• What is being asked: Every record below should be transcribed exactly. Omit the images.

(Short descriptive text snippets)
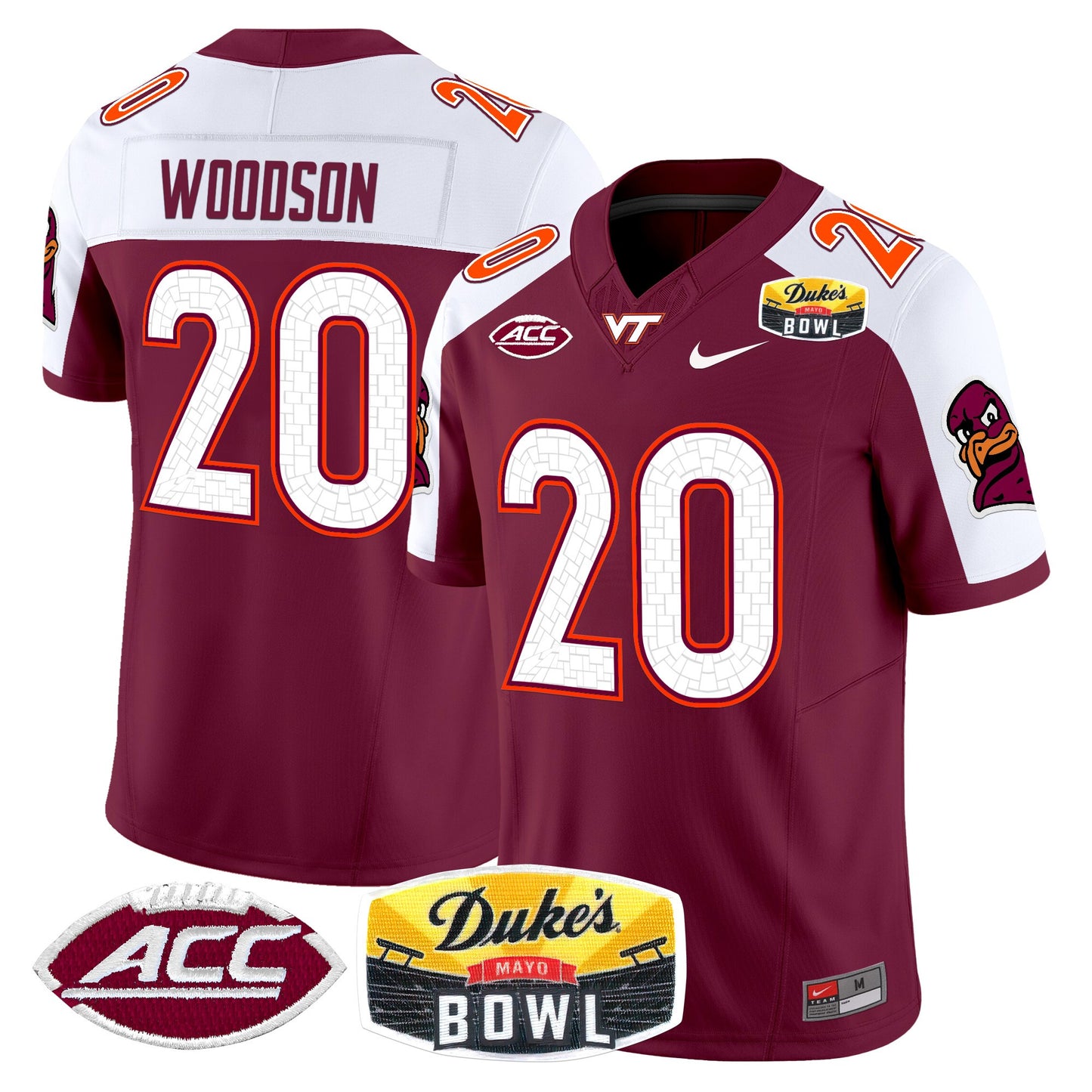 Virginia Tech Hokies 2025 Duke's Mayo Bowl Patch Vapor Limited Jersey - All Stitched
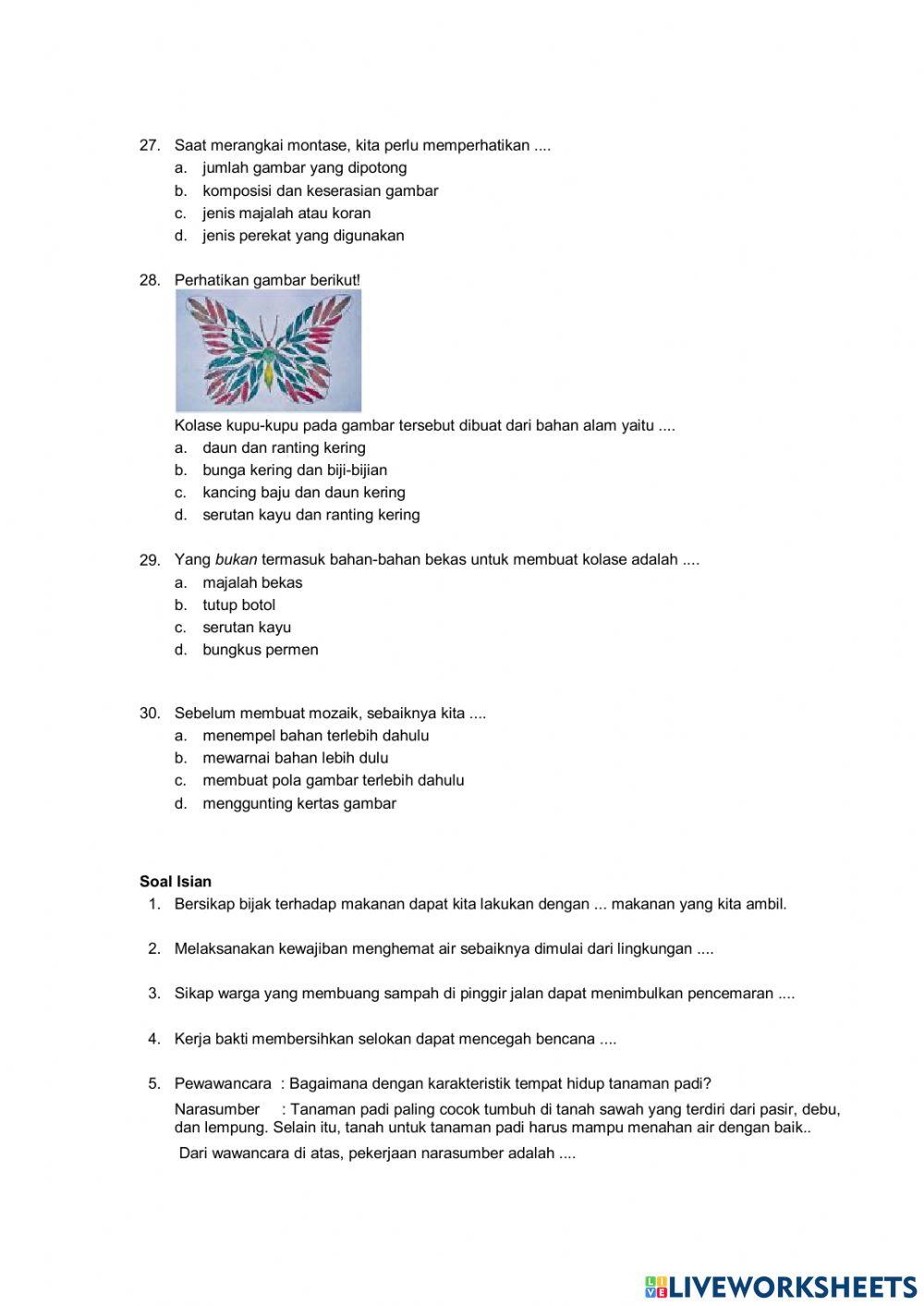 Penilaian harian tema 3 kelas 4 sesi 1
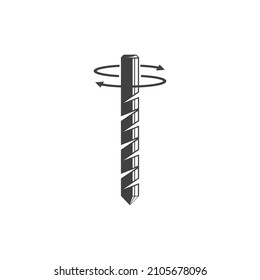 rotating drill bit icon vector illustration concept design template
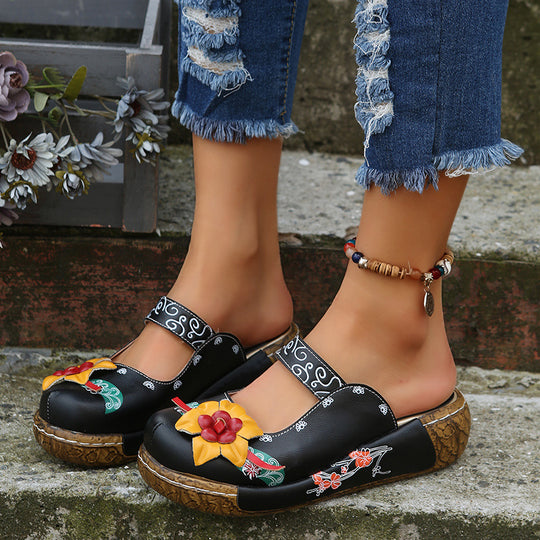 Damen Komfortable und florale Clogs EB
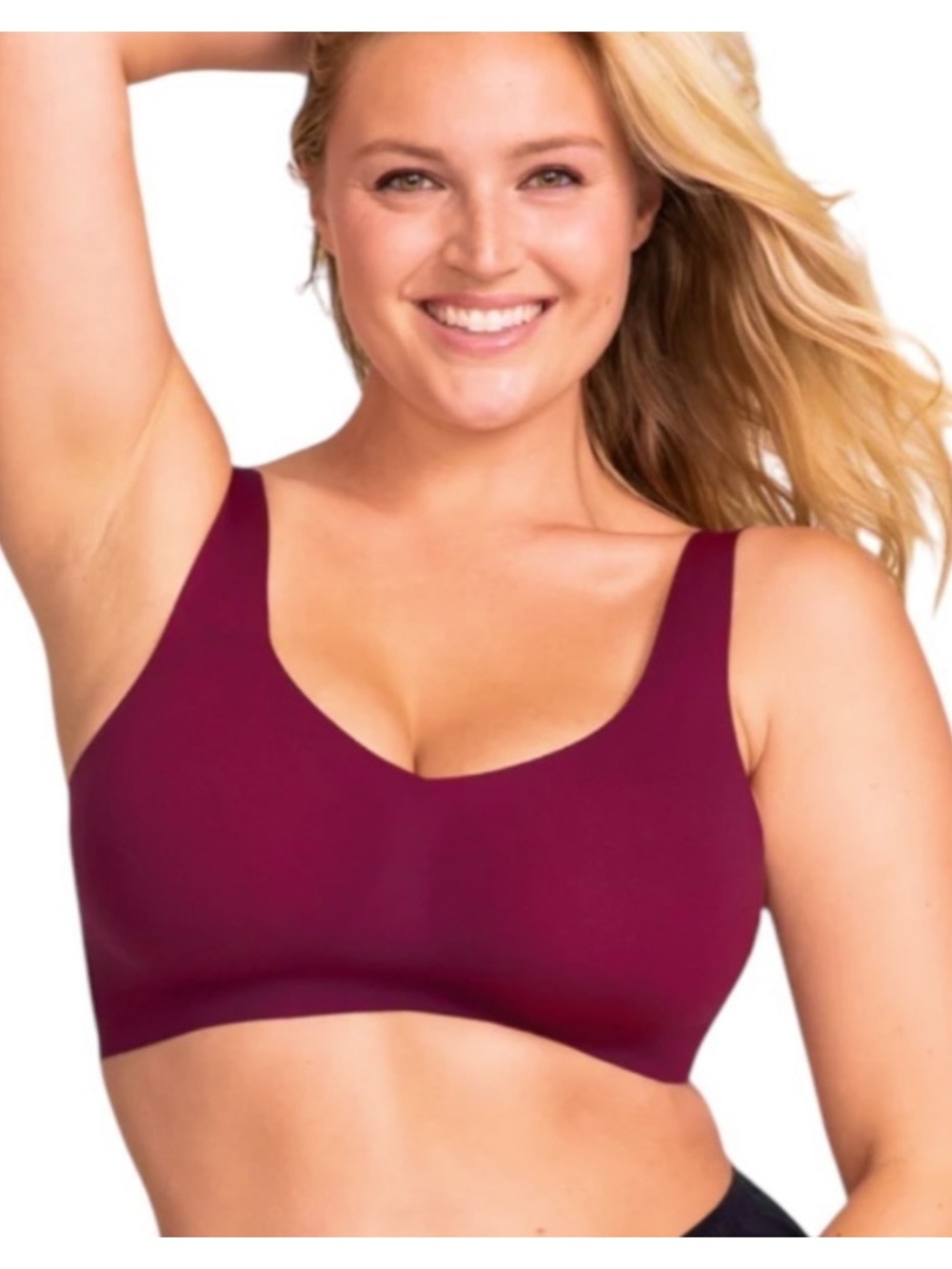 Honeylove V-Neck Wireless Bra - Merlot/ Fig
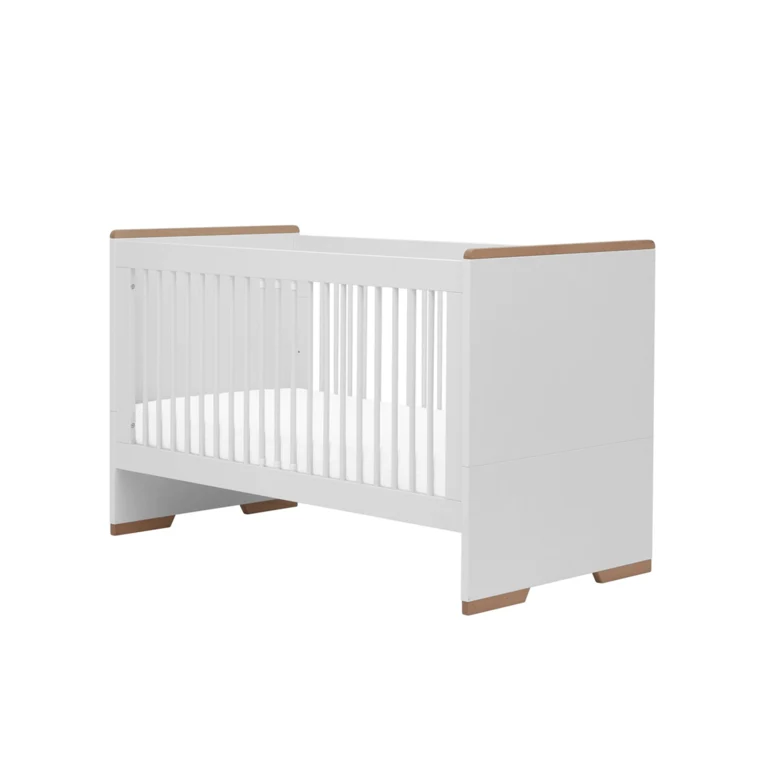 Lit bébé évolutif et commode à langer Pinio Snap Blanc et bois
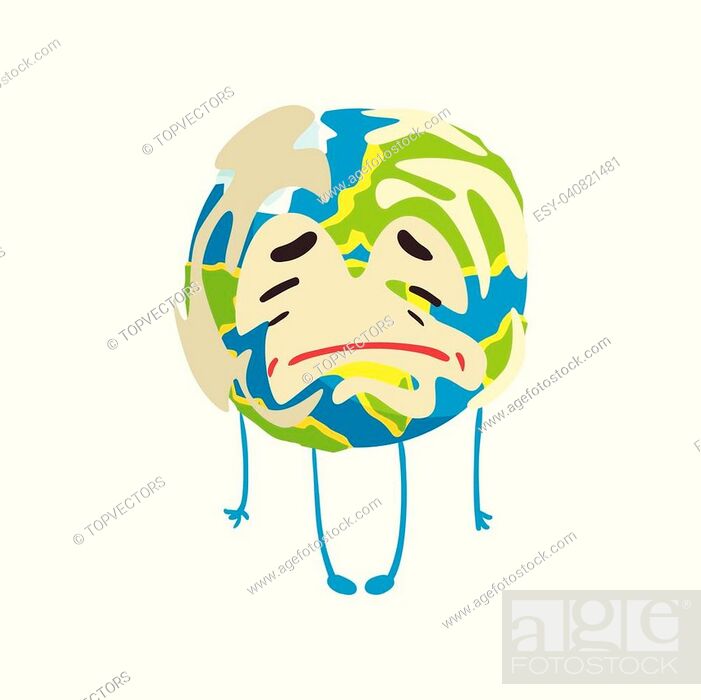 Sad cartoon Earth planet character crying, funny globe emoji vector  Illustration on a white..., Stock Vector, Vector And Low Budget Royalty  Free Image. Pic. ESY-040821481 | agefotostock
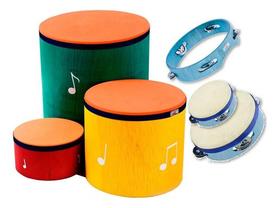Kit 6 surdinhos tambor pandeiro madeira pele animal vibratom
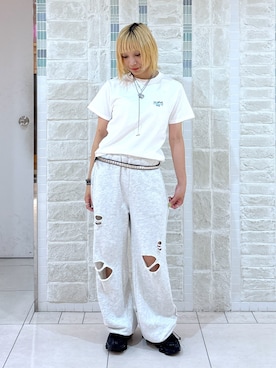 「X-girl（エックスガール）のMESSAGE BOX FRAMED FACE S/S TEE（Tシャツ/カットソー）」を使った、吉井紗彩さん（レディース・155cm・20代）の夏コーディネート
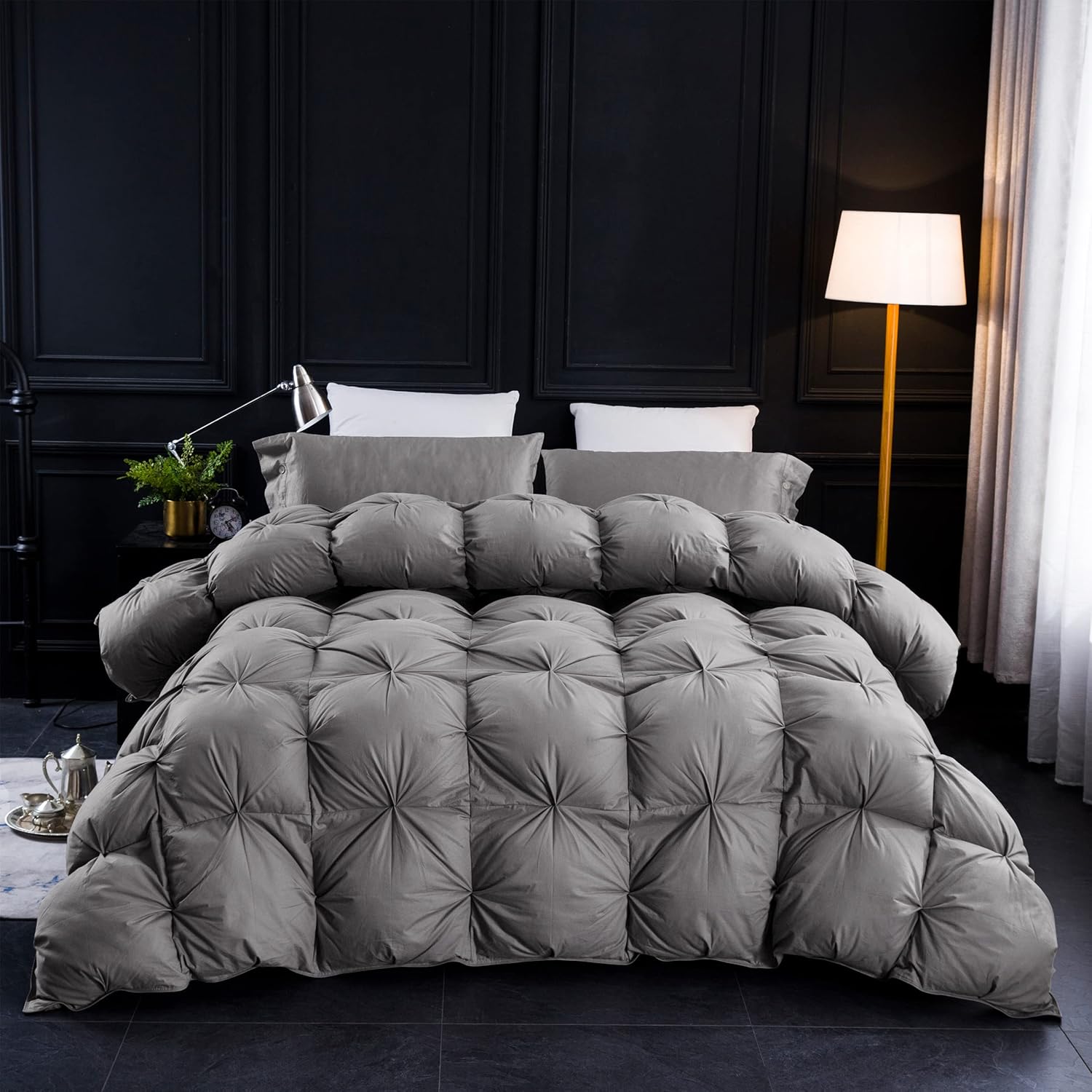 Three Geese Pinch Pleat Waterfowl Feathers and Down Comforter King Size Duvet Insert,750+ Fill Power,1200TC 100% Cotton, Premium All Seasons Gray Warm Hotel Comforter with 8 Tabs. - Image 2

• Reply:
 Virginia Tech Hokies 2025 Duke's Mayo Bowl Patch Vapor Limited Jersey - All Stitched
 Penilaian harian tema 3 kelas 4 sesi 1
 rotating drill bit icon vector illustration concept design template
 Damen Komfortable und florale Clogs EB
 Honeylove V-Neck Wireless Bra - Merlot/ Fig
 Lit bébé évolutif et commode à langer Pinio Snap Blanc et bois
 Sad cartoon Earth planet character crying, funny globe emoji vector  Illustration on a white..., Stock Vector, Vector And Low Budget Royalty  Free Image. Pic. ESY-040821481 | agefotostock
Kit 6 surdinhos tambor pandeiro madeira pele animal vibratom
 「X-girl（エックスガール）のMESSAGE BOX FRAMED FACE S/S TEE（Tシャツ/カットソー）」を使った、吉井紗彩さん（レディース・155cm・20代）の夏コーディネート
 Three Geese Pinch Pleat Waterfowl Feathers and Down Comforter King Size Duvet Insert,750+ Fill Power,1200TC 100% Cotton, Premium All Seasons Gray Warm Hotel Comforter with 8 Tabs. - Image 2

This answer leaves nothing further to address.